Suppose that following query is received on a node (news_id is primary key):

SELECT * FROM tblNewsItems WHERE news_id = '8bacfe891fa89bfab98d9e99f9a9';

How can the node determine if this specific row exists in it's local data? As we know we have in-memory tables (mem-table) but they are used as a caching mechanism and not the real storage. So any data lookup in these in-memory storages won't be enough as they don't have the whole range of data.

Another solution is to read the SSTable and check if the table contains the key that we want. Even in case of using effective search algorithms like binary search, this will be too expensive because it involves a lot of disk reads which may not be efficient enough for a system with a lot of data and a lot of read queries.

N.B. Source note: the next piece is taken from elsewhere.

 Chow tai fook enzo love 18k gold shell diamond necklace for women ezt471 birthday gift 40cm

The solution is to use Bloom Filter data structure. This is an in-memory, probabilistic data structure which can help you find if an element is member of a set or no? Here the set is the Cassandra table (which is actually a set of rows) and the element is the primary key we are looking for. So we have these features:

  1. It is in-memory, so it will be fast and efficient.
  2. It is probabilistic means the result will not be guaranteed to be correct. There is a high chance that the result is correct and this is enough for us. This is the trade-off that we pay to have such an efficient in-memory data structure. As a result, if the bloom filter says a row is inside a set, there is a very low probability that this is not correct. But the other side of the result is guaranteed to be true. If it says some row ir NOT in the set, it definitely is not.

How bloom filter works

A bloom filter is a bit-map containing n bits and a set of hash functions which are expected to be independant. Let's assume we have a bloom filter with 100 bits and 3 hash functions (f1, f2 and f3). In practice the size of bloom filter will be much larger (MB or GBs). Each of has functions will receive an arbitrary input (row primary key) and output a number between 1 to n. You can easily achieve this output by using modulo operator and common hash functions.

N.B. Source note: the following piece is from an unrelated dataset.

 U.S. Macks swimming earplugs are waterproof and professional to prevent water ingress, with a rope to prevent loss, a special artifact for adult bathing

There are two algorithms for insertion of data into a bloom filter and checking whether something exists in the set or no. These alrogithms are pretty simple and straightforward. To insert data x into bloom filter:

  1. Apply hash functions on x. So we will have a=f1(x), b=f2(x) and c=f3(x).
  2. Set bits numbered a,b and c in the bloom filter to one (Note that they may have already been set to one but this doesn't matter).
To check if data x exists in the bloom filter:
  1. Apply hash functions on y: So we will have d=f1(y), e=f2(y), f=f3(y).
  2. Check bits numbered d, e, and f in the bit-map of bloom filter. Are they all set to one? If so, the row probably exists in the set. If even one of those bits is zero, means that row definitely does not exist in the set.

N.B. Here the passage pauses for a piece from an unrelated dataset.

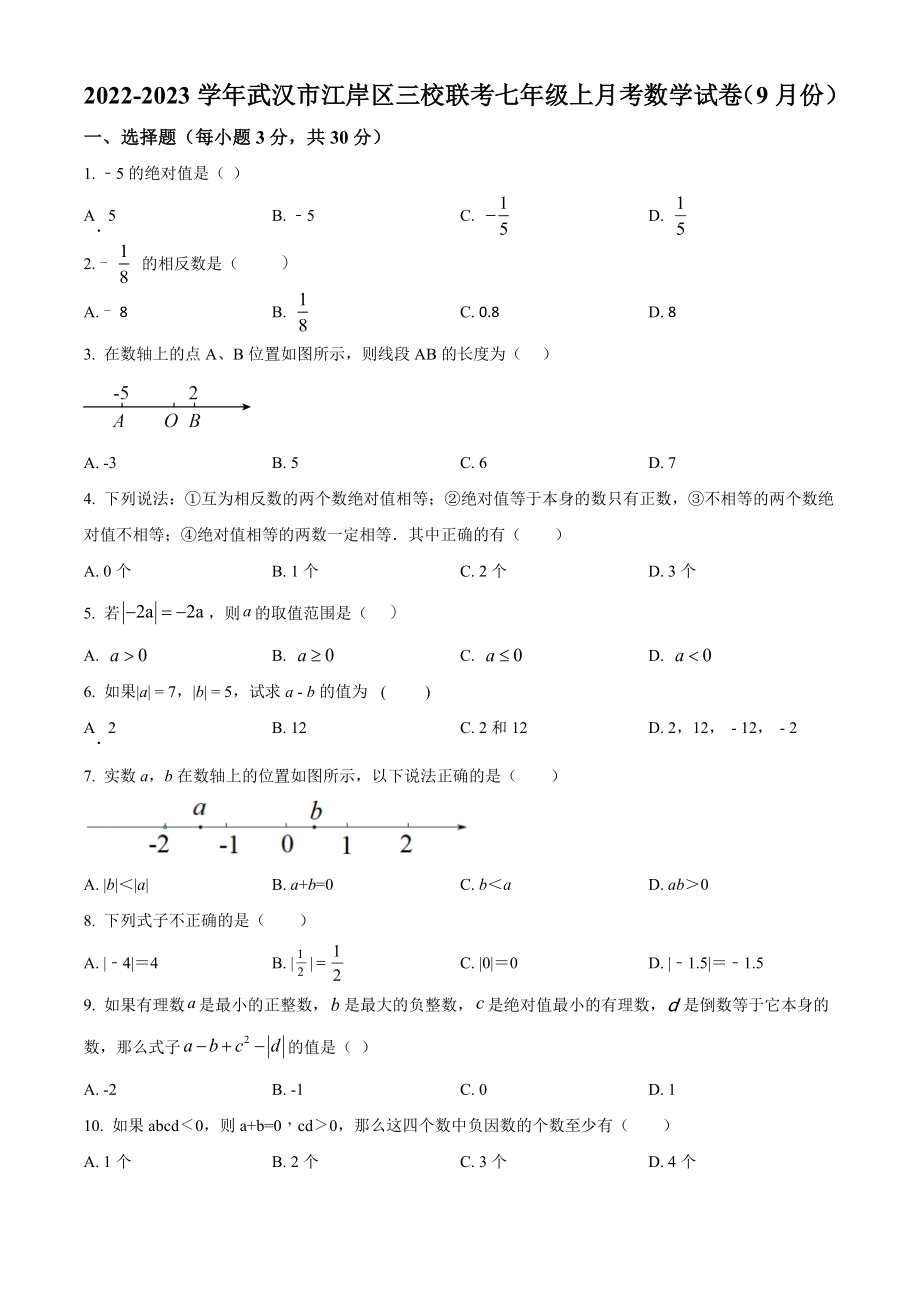 2022-2023学年湖北省武汉市江岸区三校联考七年级上月考数学试卷（9月份）含答案解析_第1页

How false positives are handled?

False positive for a bloom filter means cases where the filter indicates that a row exists in the table but it was not. Remmber that this is a probabilistic data structure so these cases may happen.

If there is a false positive, we won't know about it until we scan the SSTable. So generally Cassandra will scan the SSTable looking for a specific row, if the bloom filter indicates the row exists in the table. If after scan completion, row is not found, this will be recorded as a false positive.

You can run 'nodetool cfstats' command in a Cassandra node to view a lot of statistics about the node. One of those stats is for bloom filters which shows you the memory consumed by bloom filter and number of false positives.